You realize, of course, that calling the survey "Female-Friendly Physics Departments" is completely misleading. The questionnaire was sent to all physics department chairs, and their responses collected without any fact checking. So basically, all you need to do to show up on the list of Female-Friendly Physics Departments is to fill out a little questionnaire, and voila, there you are.

Personally, I think it would have been a whole lot more useful if the CSWP had done the survey in a way where you could have gotten some useful statistics out of it.

Good point Astra...there should have been some minimal criteria if a department wanted to appear on the "Female-Friendly" listing.

Maybe it would just be easier to compile a Female Unfriendly list. I'm only half joking.

But seriously...this may have been the only kind of list they could get large-scale compliance with. Departments can pat themselves on the back for having done something good. But when a woman starts looking at one department in comparison to another on that list...as I did with Duke, MIT, and Penn State...you can see who put more effort into it, who takes it seriously, which departments might actually be somewhat better than others...it's a first pass filter.

I disagree Zuska...just because some university "put more effort" into their report doesn't mean their report reflects reality. It may just mean they are better at putting lipstick on their pig than other universities (or perhaps have more money available to tart up their pig than other universities). For instance, as I mentioned in my comment above, my former employer BSU makes their childbirth leave accomodations sound really, really good. In reality they have to-date violated the FMLA law in every single case of a female physicist having a baby in that department where the FMLA would apply (I know, because we had to research their past behaviour in that respect for my lawsuit). In other words, BSU LIED in their report to CSWP.

I don't think this survey even works as a good "first pass" filter. The survey is in fact garbage, because, like I say, asking the ol' white boys club in the department to evaluate their female-friendliness is asinine. It's a phenomenon we statisticians like to refer to as "survey bias".

Are you becoming a softie in your middle-age? This is the second time in a week where your stance on something really surprises me (the first is where you used the term "diplomatic" to refer to the comment by the UNL chancellor that my daughters are no doubt strong enough to put up with the public misogynist rantings of a UNL professor (and anything else that professor might additionally say in the university environment), in effect stating "don't worry about your daughters attending UNL! We of course won't do anything about professors like that because it would get us in trouble with the AAUP...but also we figure all women should be strong enough to handle it anyway").

Yeah, softie, that's how most people would characterize me.

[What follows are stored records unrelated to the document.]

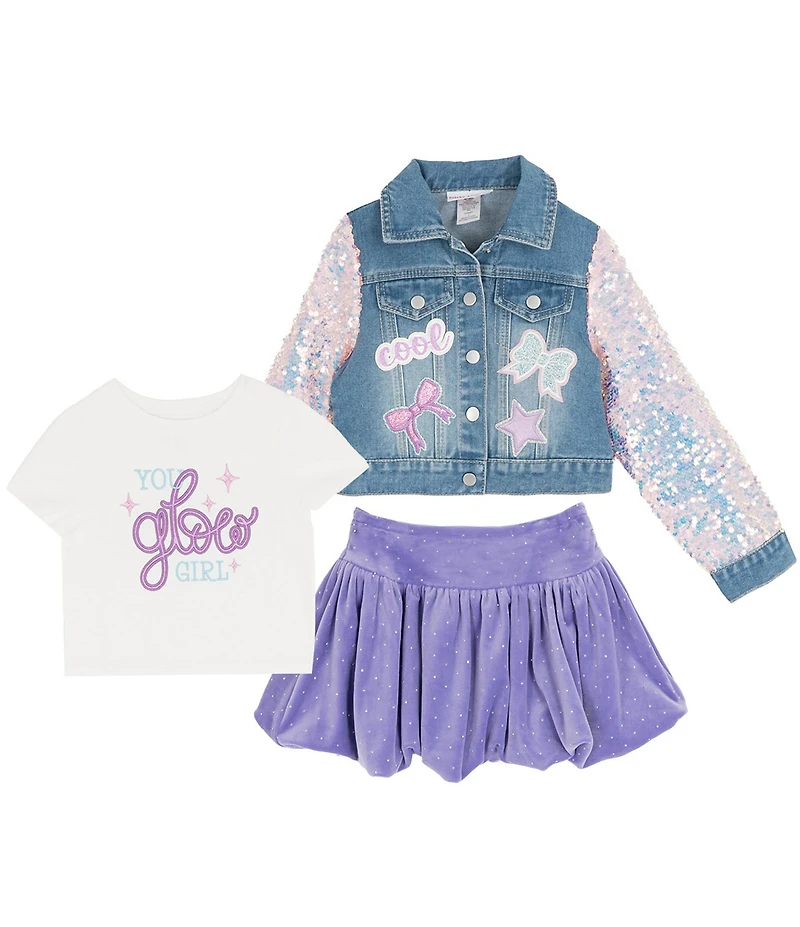 Rare Editions Little Girls Short Sleeve Graphic T-Shirt & Denim Jacket With Gem Velour Bubble Skort
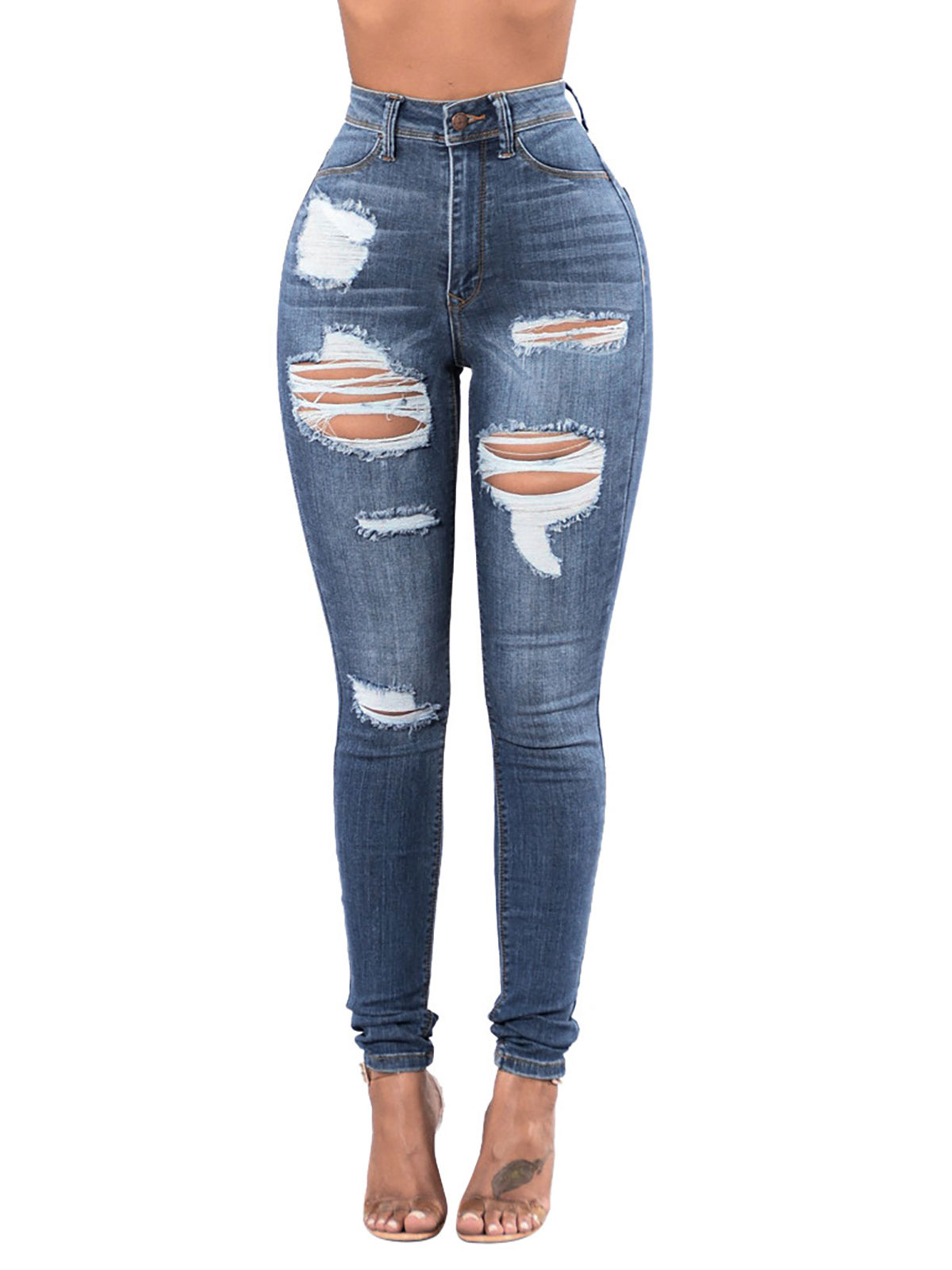 Women's Clothing Women's Bottoms | Women Blue Jeans Cool Distressed High Rise Waist Button Fly Skinny Denim Pants - AT16937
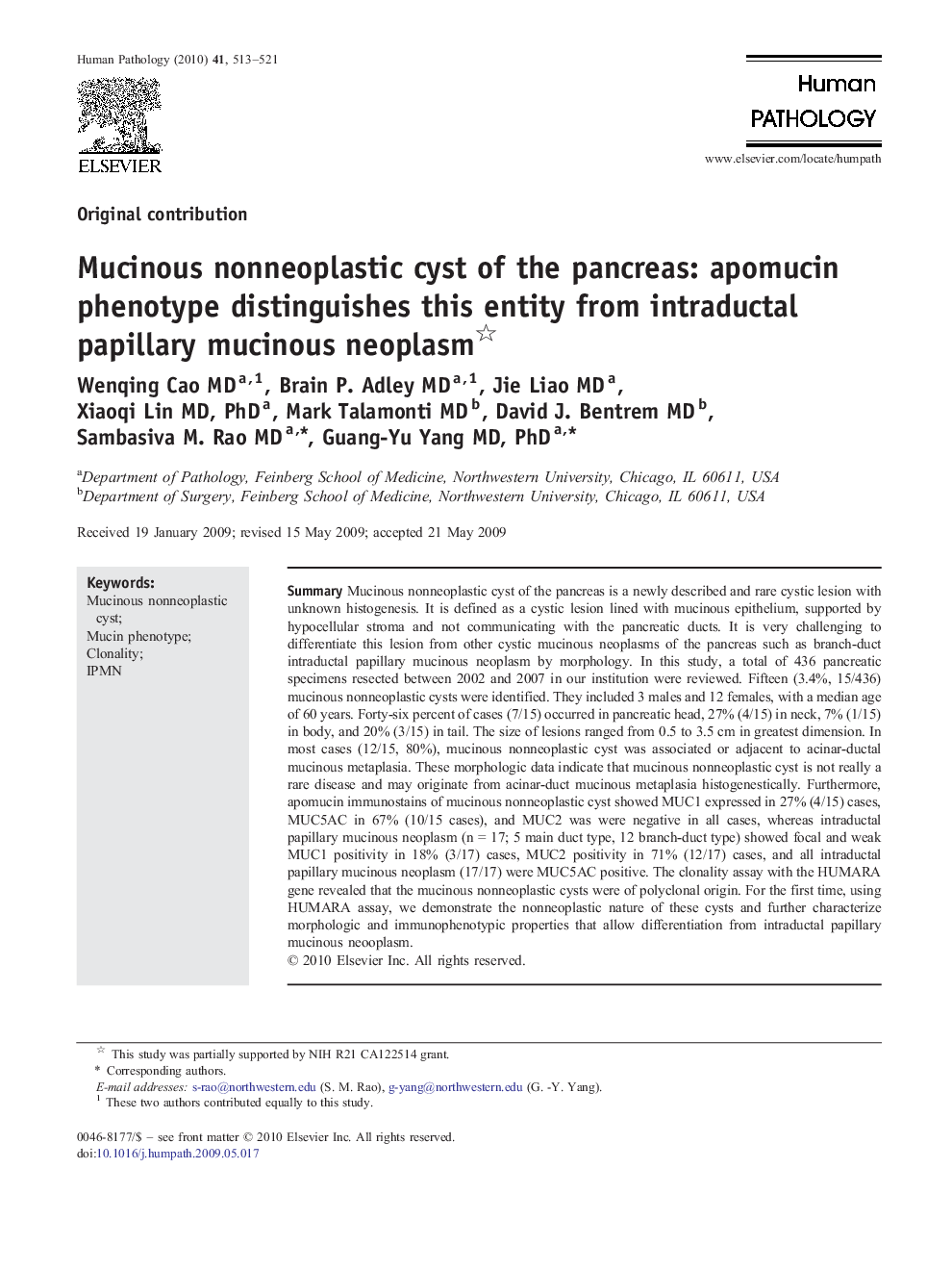 Mucinous nonneoplastic cyst of the pancreas: apomucin phenotype distinguishes this entity from intraductal papillary mucinous neoplasm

But I guess if I do not agree with Absinthe in every view on every possible issue I must be a softie. Because Absinthe is the last word on what every woman is supposed to think and say.

May I refer you to my "About" section? I quote:

I do not speak for all women, all women engineers, all women scientists, all feminists, or all feminist women engineers and scientists.

I speak for myself. You are welcome to disagree with me, of course. But not to come on my blog and malign me. This is at least the second time that you have found me lacking in sufficient militant feminism for your taste. As I say, you are welcome to have that opinion. But this is my blog, and I write what I want on it. Nobody gets to tell me what I should be saying - not misogynists, and not feminists, either.

I don't think anyone should necessarily agree with me about anything. If I my comment gave you that impression, I apologize.

If my blog gives anyone that impression, I apologize.